[Spambayes] fwd: robinson f(w) equation: X constant confusion

Thu Nov 28 22:25:17 2002

Tim Peters said:
> Rob Hooft ran some downhill Simplex optimizations that also converged on X a
> bit over 0.5, and S substantially smaller than we use by default (we use
> 0.45 by default).
> On three different sets of test data, I measured "the average" spamprob to
> be a bit over 0.5 too (it ranged from 0.52 to 0.56).

Interesting!

> A difference is that the test data I used had about the same number of ham
> as spam, while you've got a 1::2 ratio.  Are you sure you weren't using 1000
> spam vs 2000 ham?  If you were, and "the true unknown word" spamprob were
> about 0.5, I'd expect you to measure one near 1/3, since there would be (to
> a 0th-order approximation <wink>) about twice as many ham-word spamprobs
> feeding into the computed average than there were spam-word spamprobs
> feeding into it, and that would drag the average below 0.5 simply due to
> having more of one kind of word than the other.

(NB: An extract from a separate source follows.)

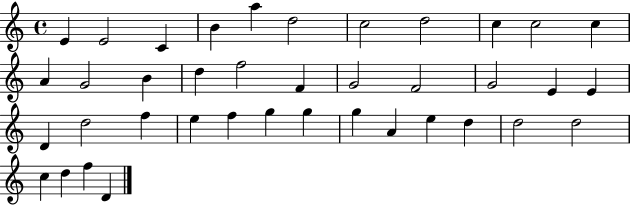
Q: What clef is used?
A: treble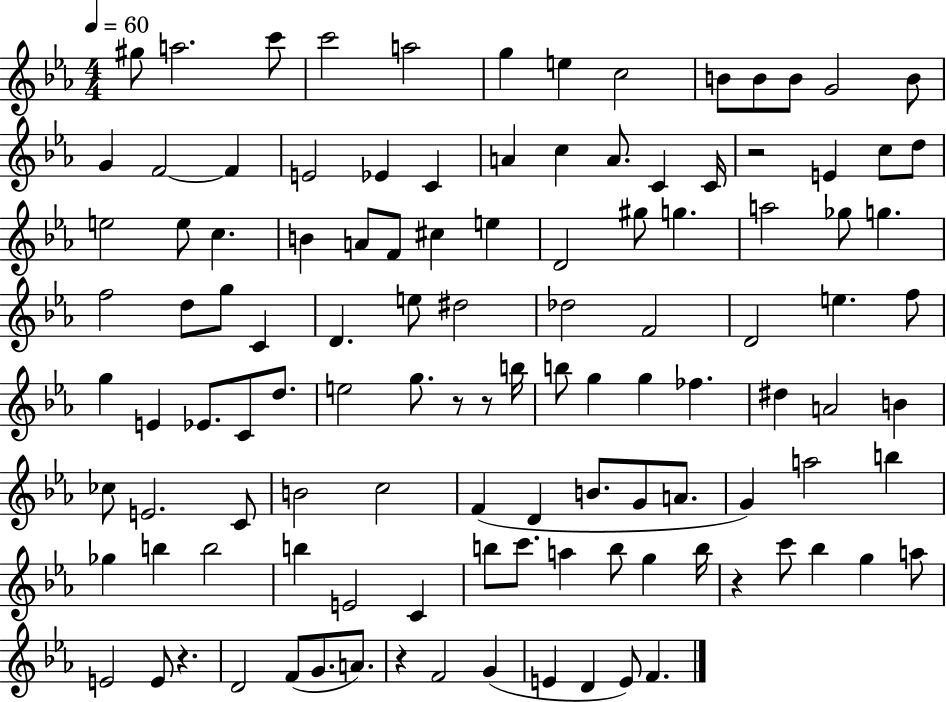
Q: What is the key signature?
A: EES major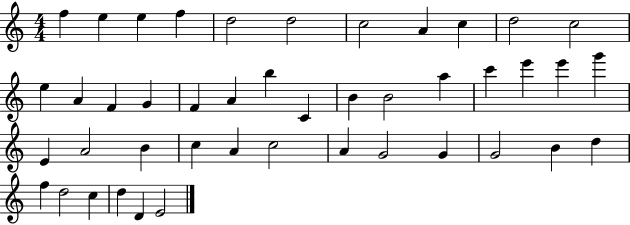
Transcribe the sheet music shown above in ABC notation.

Actually, I've just checked -- it's not 2k:1k, it's 2k:2k.  so it should
be even.

> IOW, Gary's suggestion for guessing x appears to me to be sensitive to the
> ham::spam ratio, but the method used for guessing spamprobs tries (with
> mixed results) not to be sensitive to that ratio.  Mismatching assumptions,
> then.

Interesting, BTW.  Do you guys use the estimated X instead of a constant?
Sounds like it could vary greatly depending on corpus ratios...

> The X=0.53 S=0.05 result is cute -- it roughly says "it's about 50-50, but
> don't pay much attention to it".

There's another "sweet spot" at X=.69 and S=.42, which mystifies me;
I would have thought that would cause more FPs, which is worst for
the cost (see below).

> I'm not sure what your cost measure is; as
> we measure costs by default, an FP is charged 10, in which case the contour
> lines ranging from 80 to 90 are showing the difference between one FP more
> or less; this *can* make them supremely sensitive to just one or two oddball
> msgs.

The cost measure is a direct copy of the spambayes one, so they can
be compared ;)  (I also use TCR, the cost measure used by Ion
Androutsopoulos' papers; but being able to see "unsures" helps
us pick a good scheme which maps well into SpamAssassin scores.)

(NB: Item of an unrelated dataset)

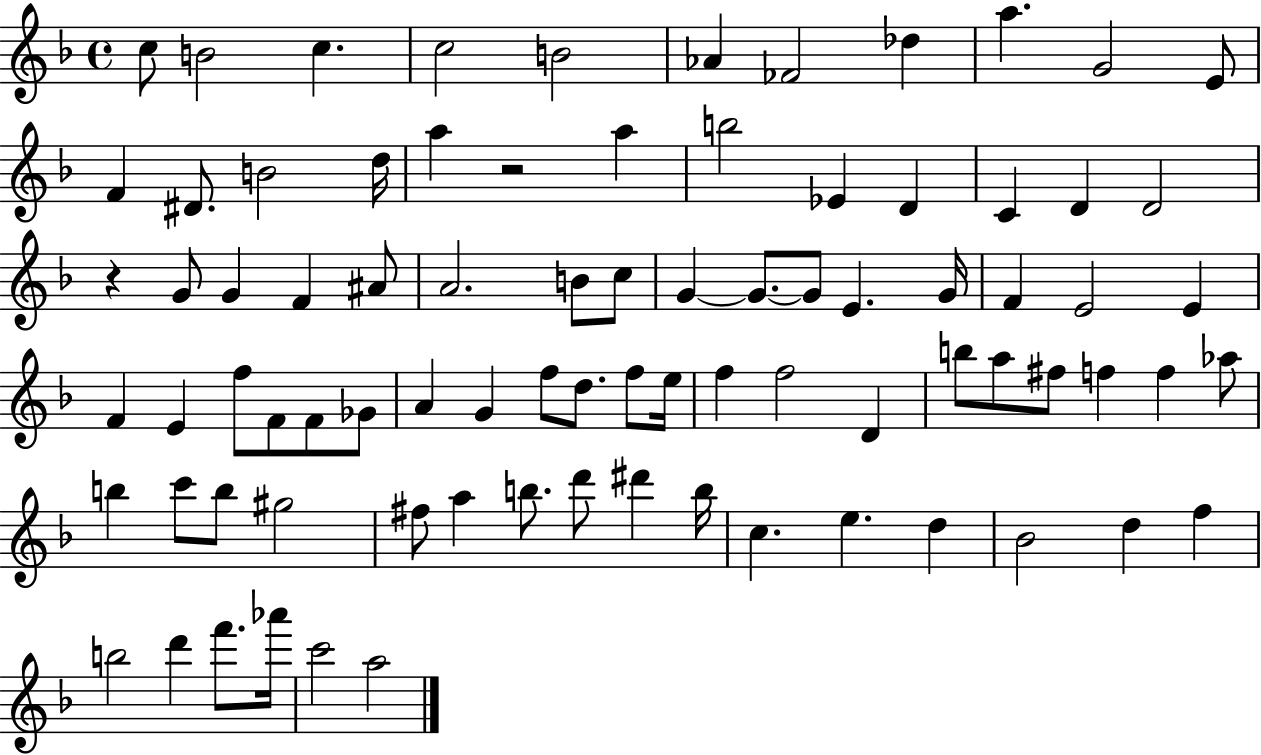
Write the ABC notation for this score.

BTW an interesting factor is that those scores are measured using
a high "min prob strength" factor; I used 0.27.  I'm running more tests
where this varies, and I think that'll be quite interesting too ;)

PS: while I'm here -- I'm also comparing chi2 with gary-combining.  I'm
finding chi2 to have quite a few more FPs in particular, right in the 0.00
spike.  Do you guys see much of this?  Or have I screwed up my code with
all this constant-tweaking? ;)

--j.